What’s more, the report doesn’t take into account the effect of other bad policies that are a more or less direct result of the Republican takeover in 2010. Two big bads stand out: letting payroll taxes rise, and sharply reducing aid to the unemployed even though there are still three times as many people looking for work as there are job openings. Both actions have reduced the purchasing power of American workers, weakening consumer demand and further reducing growth.
Putting it all together, it’s a good guess that those estimates of damage from political hostage-taking understate the true harm done. Elections have consequences, and one consequence of Republican victories in the 2010 midterms has been a still-weak economy when we could and should have been well on the way to full recovery.
But why have Republican demands so consistently had a depressing effect on the economy?
Part of the answer is that the party remains determined to wage top-down class warfare in an economy where such warfare is particularly destructive. Slashing benefits to the unemployed because you think they have it too easy is cruel even in normal times, but it has the side effect of destroying jobs when the economy is already depressed. Defending tax cuts for the wealthy while happily scrapping tax cuts for ordinary workers means redistributing money from people likely to spend it to people who are likely to sit on it.
We should also acknowledge the power of bad ideas. Back in 2011, triumphant Republicans eagerly adopted the concept, already popular in Europe, of “expansionary austerity” — the notion that cutting spending would actually boost the economy by increasing confidence. Experience since then has thoroughly refuted this concept: Across the advanced world, big spending cuts have been associated with deeper slumps. In fact, the International Monetary Fund eventually issued what amounted to a mea culpa, admitting that it greatly underestimated the harm that spending cuts inflict. As you may have noticed, however, today’s Republicans aren’t big on revising their views in the face of contrary evidence.

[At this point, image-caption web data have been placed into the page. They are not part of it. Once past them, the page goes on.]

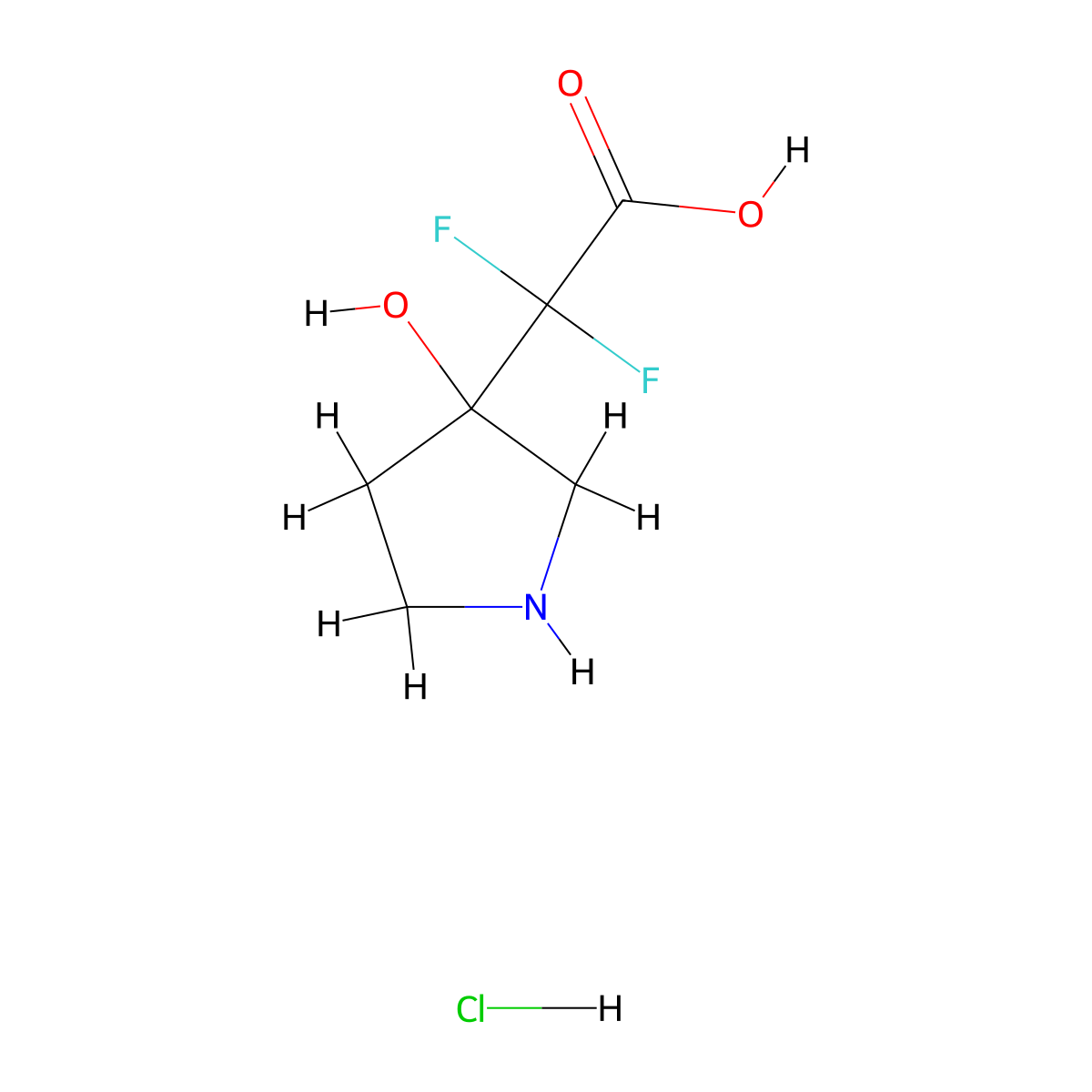 2,2-Difluoro-2-(3-hydroxypyrrolidin-3-yl)acetic acid hydrochloride molecular structure, CAS 2230804-07-4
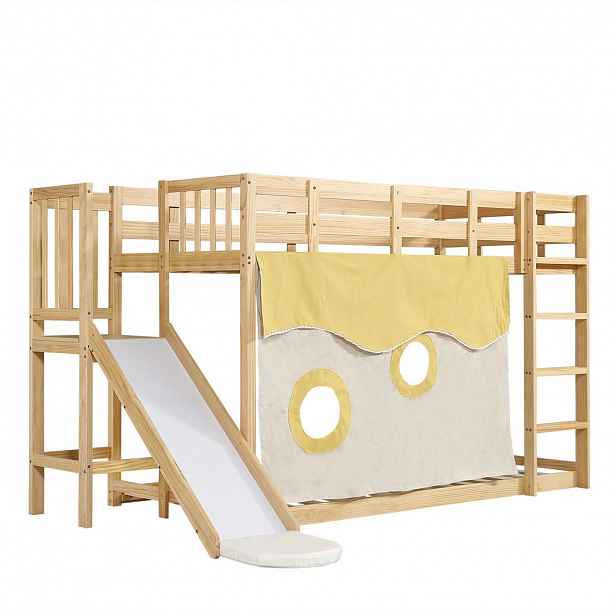 CHICFURN VYVÝŠENÁ POSTEL 90/200 cm v přírodní barvě se schůdky, skluzavkou a závěsy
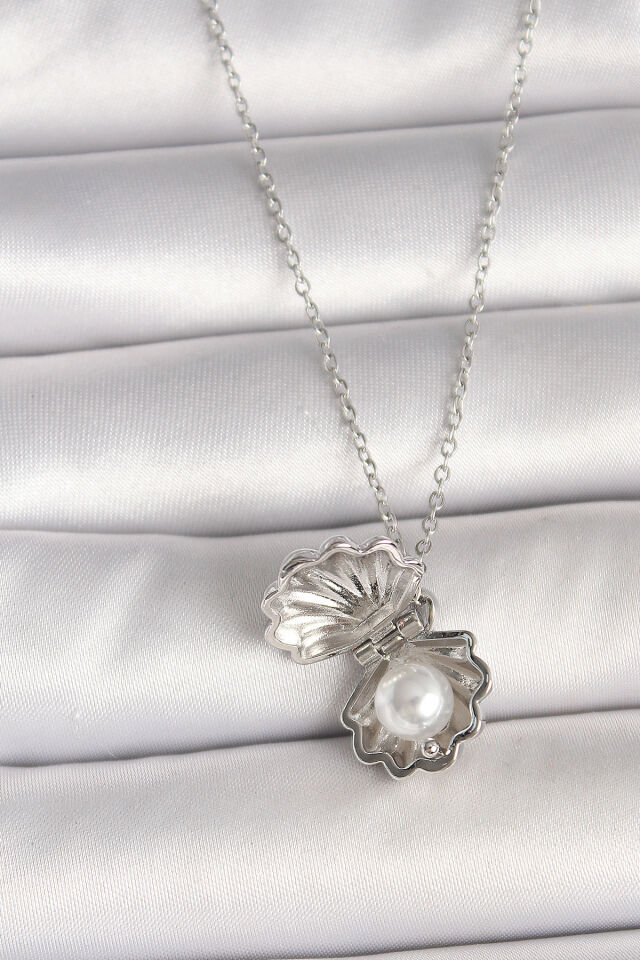 316L Çelik Gümüş Renk Zincir Açılır İncili Midye Model Kadın Kolye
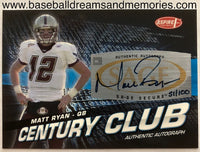 2008 Sage Aspire Matt Ryan Century Club Autograph Card Serial Numbered 51/100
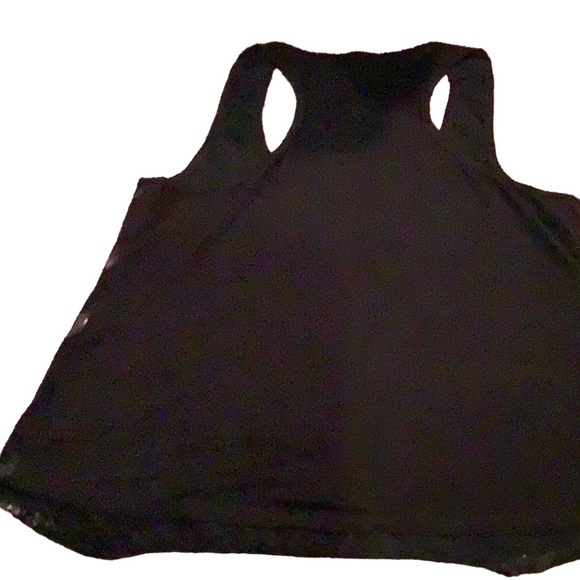 Delia’s  small animal print Racer back top, black with sparkles on front - Picture 2 of 5
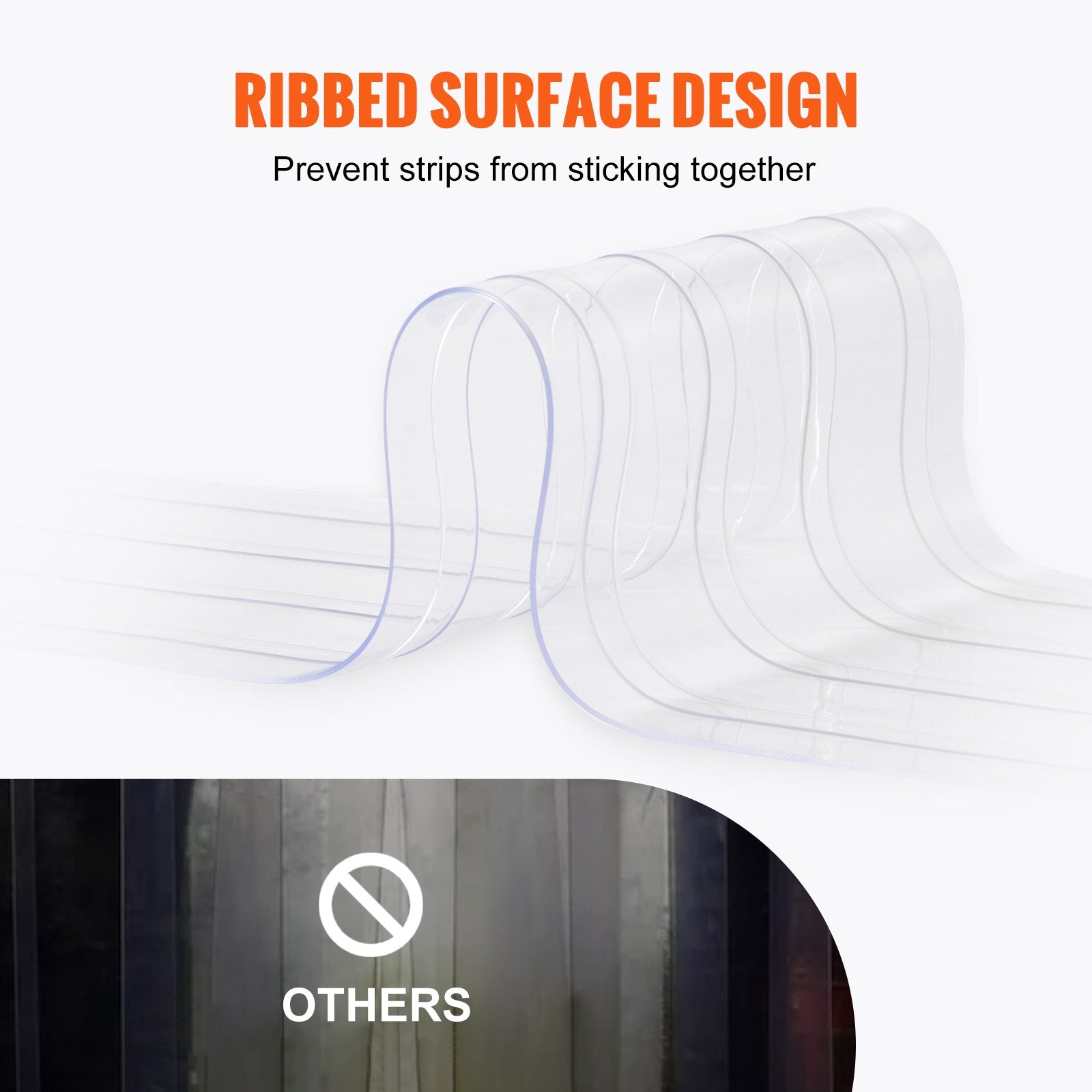 Curtains & Drapes: VEVOR Strip Curtain, 2286 cm L x 20 cm W x 2 mm Thickness, Clear Ribbed PVC Curtain Strip Door Bulk Roll, Plastic Door Strips for Doorways of Supermarket, Garage, Warehouse, Barn, Pet Animal House
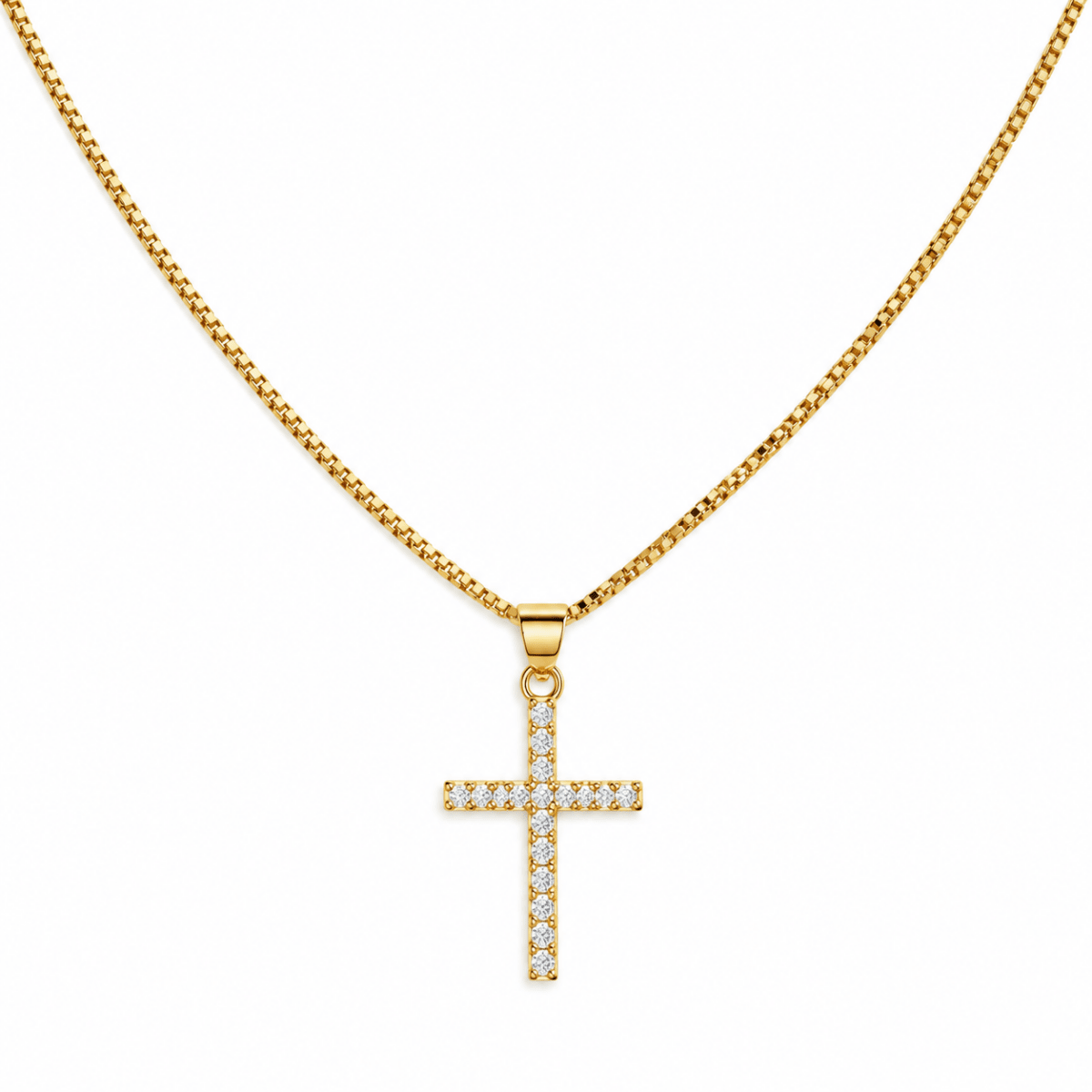 Angelic 14K Gold and CZ Cross Necklace - Red Bird Road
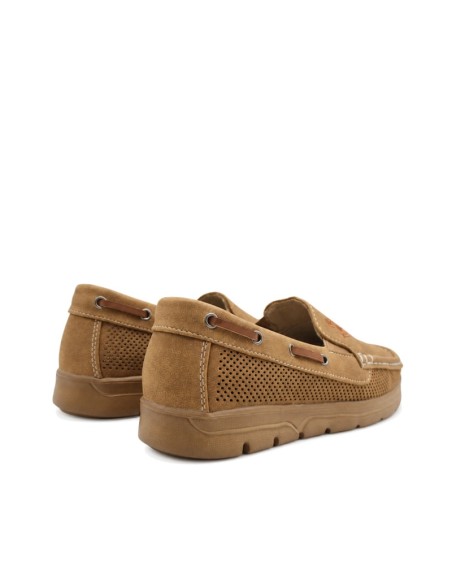 zapato casual hombre camel con cordon lateral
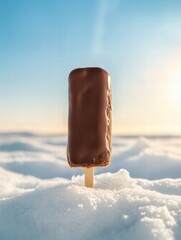 Aufkleber - Chocolate ice cream bar resting on snow under bright sky at sunset near mountains. Generative AI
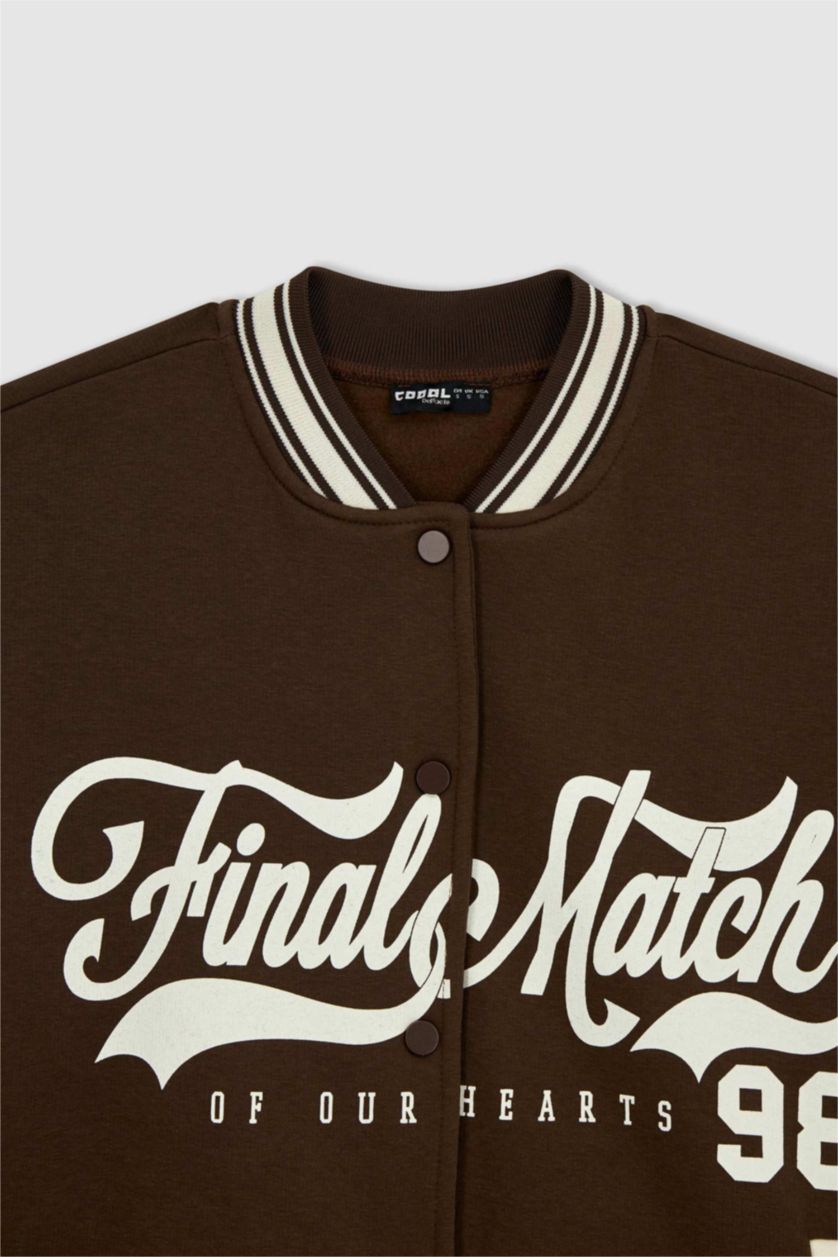 نساء بني جاكيت بومبر مطبوع اوفر سايز  بياقة مستديرة مفصل بجيب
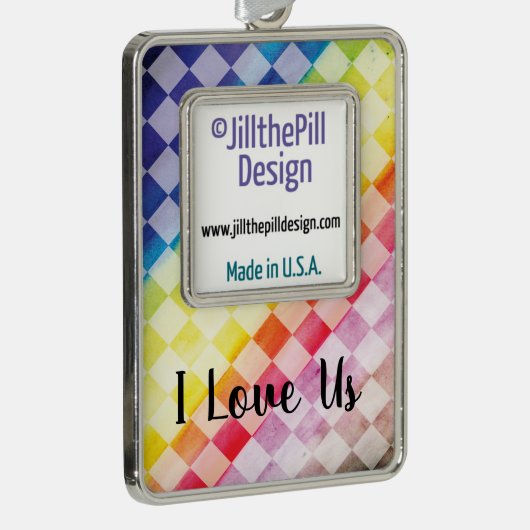 Rainbow-Schachbretter Rahmen-Ornament Silber (Rechts)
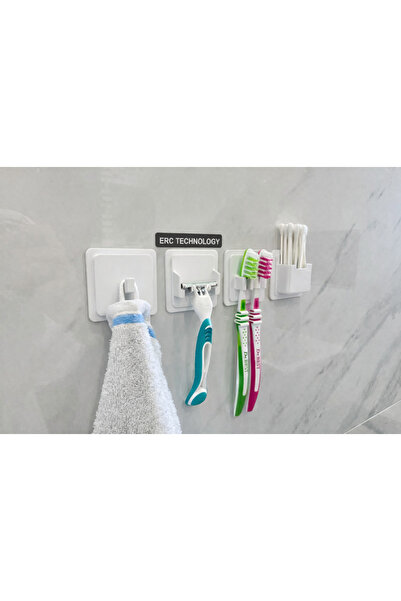 ERCTECH Adhesive Bathroom Hanger Set – Towel, Razor, Toothbrush and Cotton Sw...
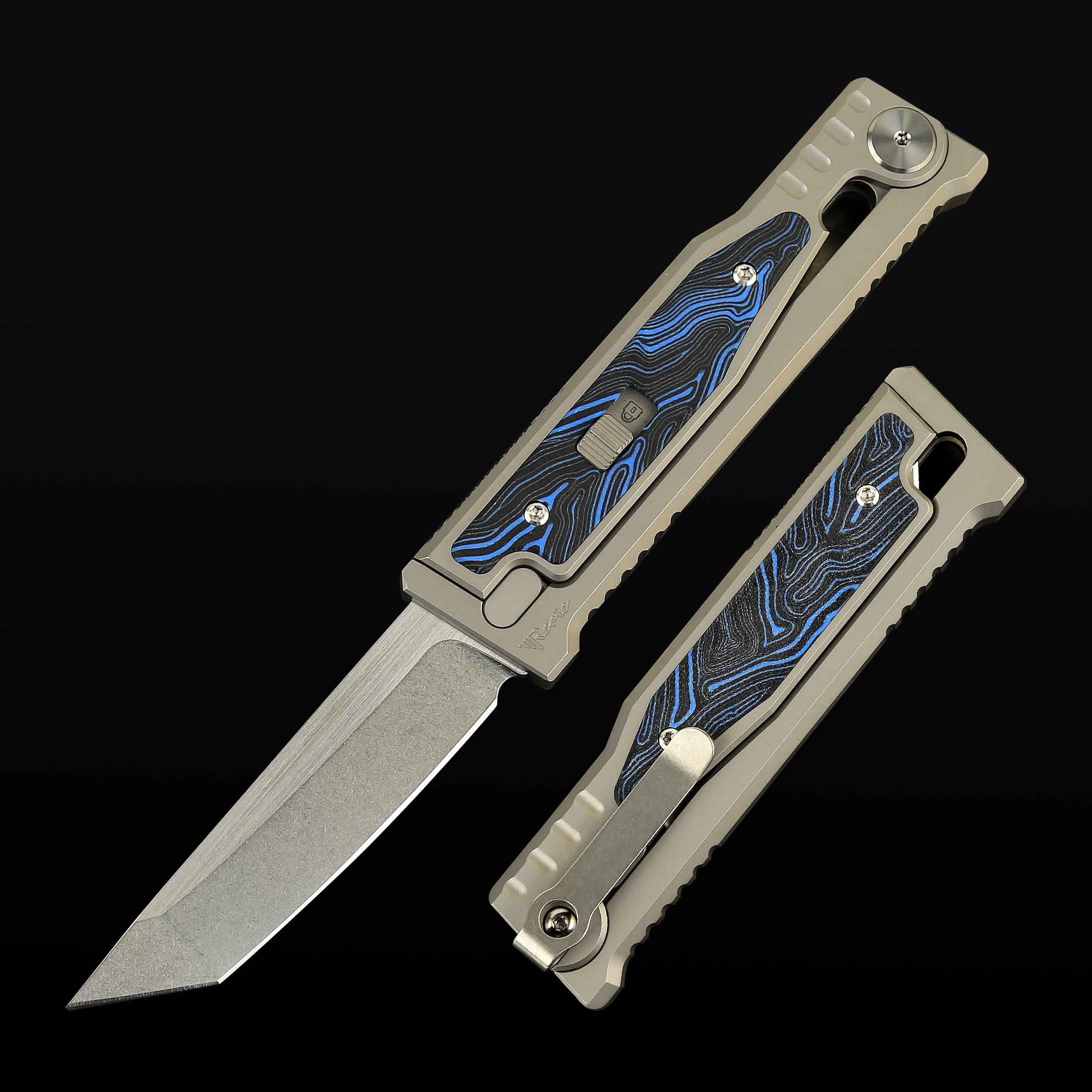 EXO-M Titanium bead blast handle G10 Damascus pattern-- Blue/Black inlay - Stonewashed with satin flat- Tanto
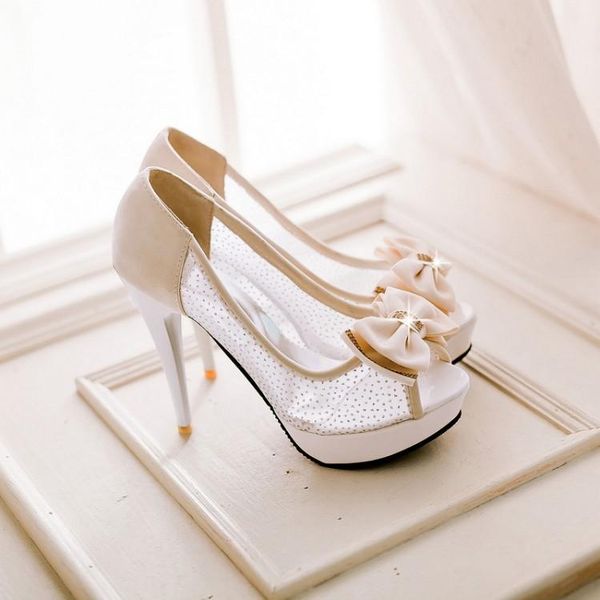 

dress shoes 2021 sweet style fine with waterproof platform bow thick bottom mesh gauze wild single women, Black
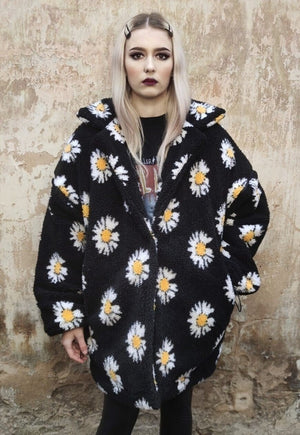 Floral fleece jacket handmade daisy trench coat in black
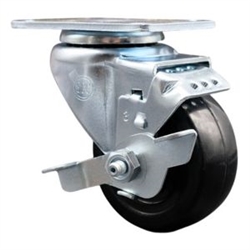 Service Caster #20 Series swivel casters with 3 inch hard rubber wheel and brake.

Are all the economy’s problems the G.O.P.’s fault? Of course not. President Obama didn’t take a strong enough stand against spending cuts, and the Federal Reserve could have done more to support growth. But most of the blame for the wrong turn we took on economic policy, nonetheless, rests with the extremists and extortionists controlling the House.
Things could have been even worse. This week, we managed to avoid driving off a cliff. But we’re still on the road to nowhere.